* _WHAT IS REQUIRED_: Search the records below for the string "find" and copy each line where it turns up.

[SUPPLIED MATERIAL]

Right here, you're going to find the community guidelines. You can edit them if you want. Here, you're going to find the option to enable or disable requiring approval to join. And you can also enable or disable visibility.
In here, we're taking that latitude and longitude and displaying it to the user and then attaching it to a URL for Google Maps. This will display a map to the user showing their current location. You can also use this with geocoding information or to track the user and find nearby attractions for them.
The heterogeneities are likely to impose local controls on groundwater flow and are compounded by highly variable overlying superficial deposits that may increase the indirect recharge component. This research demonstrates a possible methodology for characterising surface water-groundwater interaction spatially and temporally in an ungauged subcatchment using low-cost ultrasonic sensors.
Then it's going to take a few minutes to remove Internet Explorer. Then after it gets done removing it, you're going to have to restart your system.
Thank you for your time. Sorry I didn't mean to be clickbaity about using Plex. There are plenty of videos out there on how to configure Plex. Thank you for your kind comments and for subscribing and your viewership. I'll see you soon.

[/SUPPLIED MATERIAL]

* _REPLY TO THE EXERCISE_:
Right here, you're going to find the community guidelines. You can edit them if you want. Here, you're going to find the option to enable or disable requiring approval to join. And you can also enable or disable visibility.
In here, we're taking that latitude and longitude and displaying it to the user and then attaching it to a URL for Google Maps. This will display a map to the user showing their current location. You can also use this with geocoding information or to track the user and find nearby attractions for them.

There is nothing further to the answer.